Mani, who held the post of ICC president from 2002 to 2006, said that it will be important for Shashank to restore the Indo-Pakistan cricket, “Manohar has to find a way to resume Indo-Pak cricket, which shouldn’t depend on the political climate of the two countries. He should insist that both have to honour their bilateral commitments.”

He advised the newly appointed ICC boss to visit Pakistan personally and make efforts to bring back international cricket in the country, “He must look to re-start international cricket in Pakistan. He can start on the right note if he himself visits the headquarters of the Pakistan Cricket Board in Lahore. It will send a strong signal that the ICC is convinced about resumption of cricket in Pakistan, which should of course be done after satisfying a security protocol.”

Mani pointed out some of the issues that Manohar needs to address being a key man of the International Cricket Council, “Look at the situation of the game in the West Indies. Even leaders of the CARICOM (an organisation of 15 Caribbean nations and dependencies) have said that the West Indies Cricket Board (WICB) is dysfunctional, and isn’t run professionally. It’s high time that the ICC sits down with cricket officials there to attempt to solve the issues there, and provide it the necessary financial help to hire professionals in their Board and their team.”

He further added that the new ICC Chairman should look to promote cricket and help associate nations in developing the game in their territory, “He has to look at ways in which the ICC can help the associate nations in developing their cricket, including providing crucial funds to them.”

The former ICC President also added that Manohar has to take India in confidence regarding the DRS debate, it is unfair for the game that all nations are following a rule except India, “You can’t have two sets of rules in the game, where everybody is using DRS except India. The DRS has helped us achieve around 98 per cent accuracy in decision-making. I understand the BCCI has concerns about its accuracy, and there can be a healthy debate about it, but if at the end of it, if there is a feeling that it must be implemented universally, then India must fall in line.”

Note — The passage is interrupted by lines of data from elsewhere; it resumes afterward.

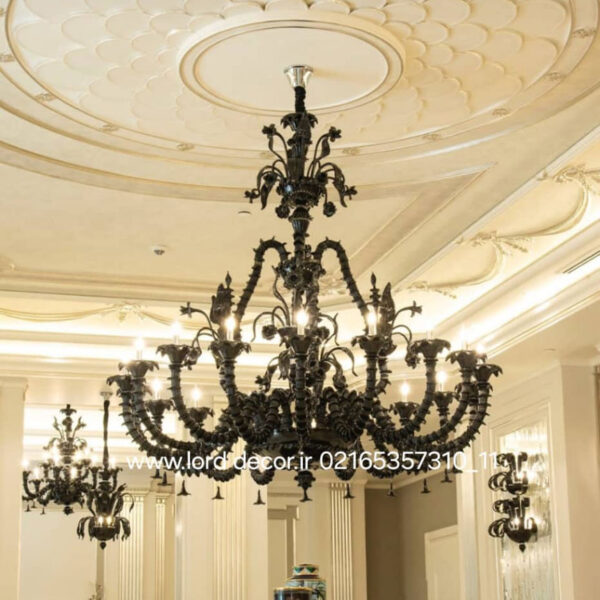 IMG 20250930 WA0014 600x600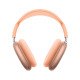 Apple AirPods Max 2 Casque Sans fil Arceau Appels/Musique USB Type-C Bluetooth Orange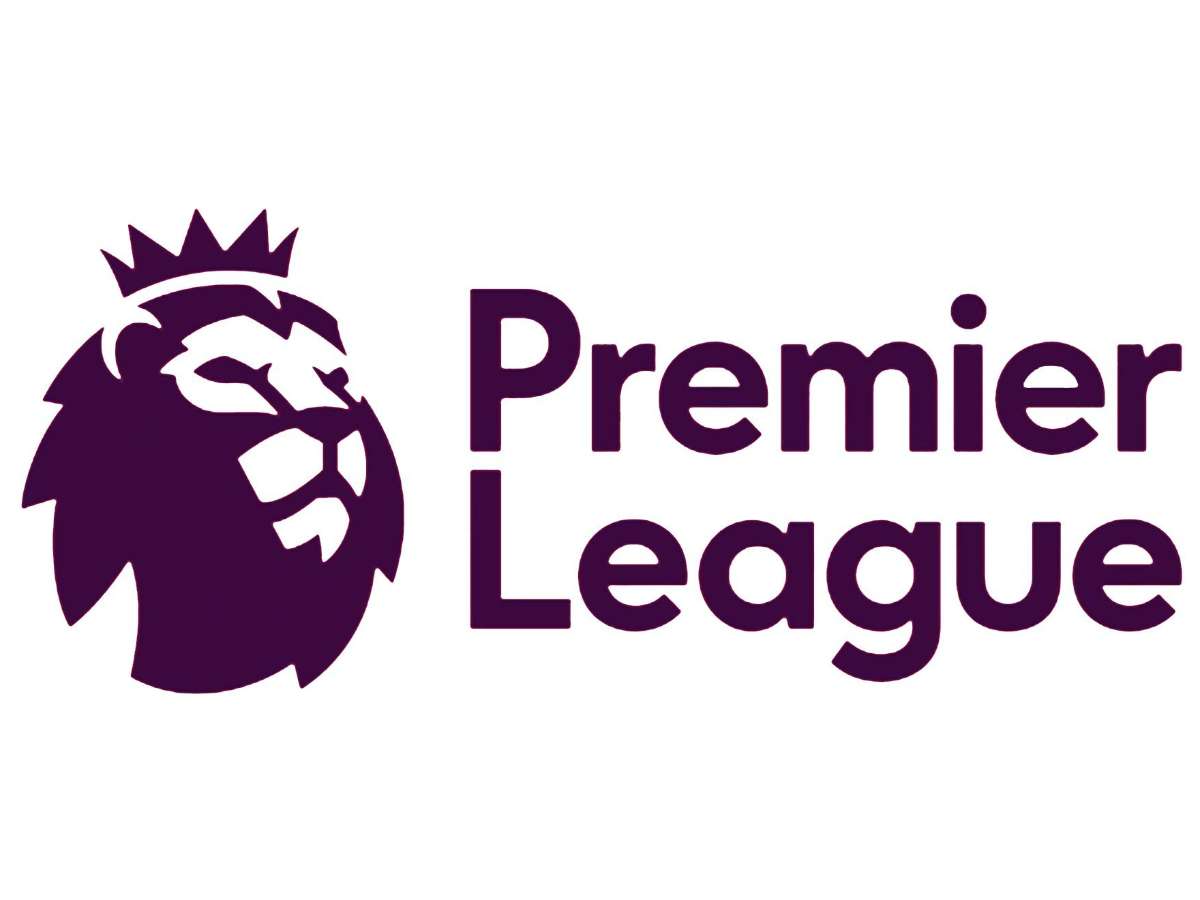 Матч ТВ не покажет матчи Английской премьер-лиги нового сезона.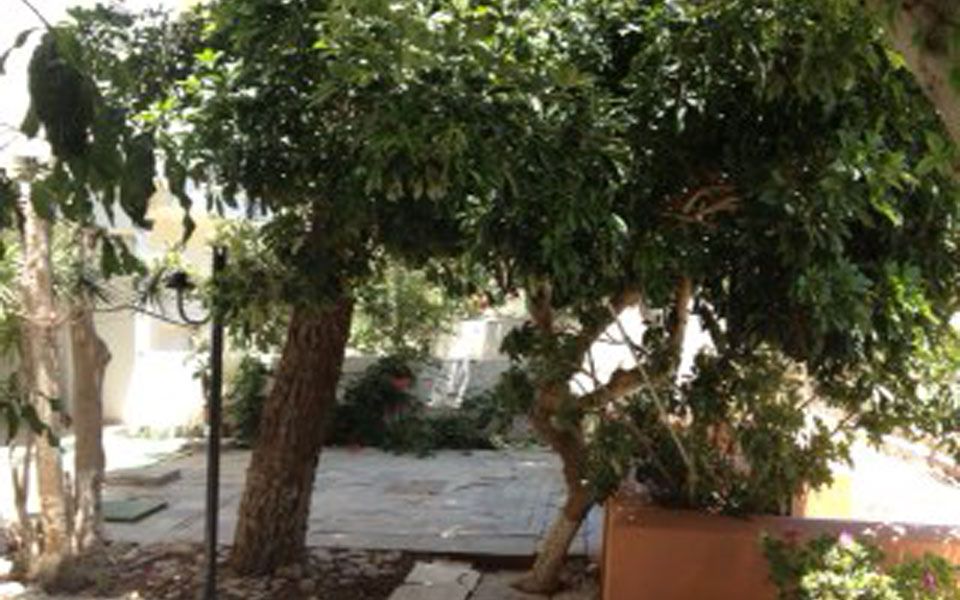 Коммерческая недвижимость в Кавале, Греция, 1 625 м2 - фото 1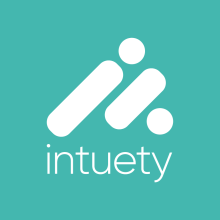 Intuety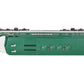 Lionel 6-8566 O Gauge Southern F-3 A Diesel Locomotive VG/Box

Ehsan Mani praised Shashank Manohar’s decision to distribute revenue among all the full member nations, which was disrupted by the trio of N Srinivasan (former ICC and BCCI chief), Giles Clarke (England and Wales Cricket Board chairman) and James Sutherland (Cricket Australia boss) some time back.

“It is the ‘poor’ cricketing nations which need more money, as compared to the richer ones, like India. This is what the Woolf Committee had suggested, but its report wasn’t even discussed,” said Mani.

Mani suggested that all directors of the Board in the ICC should also be independent similar to the ICC Chairman, “The system of the ICC having an ‘independent’ president (who doesn’t hold any position in his own board) was always there, before Srinivasan altered it. I think all the directors of the Board in the ICC should be ‘independent’ too, like it is in Australia and New Zealand, where the board of directors don’t hold any post in their own association.”

He stated that the ICC Chairman needs to be fair, he recalled his tenure, ““As an ICC chief, you’ve to be fair. During my stint, I put in a system where all the countries would only get funds from the ICC once they showed their audited accounts. I even stopped Pakistan’s funding when the PCB failed to provide this.”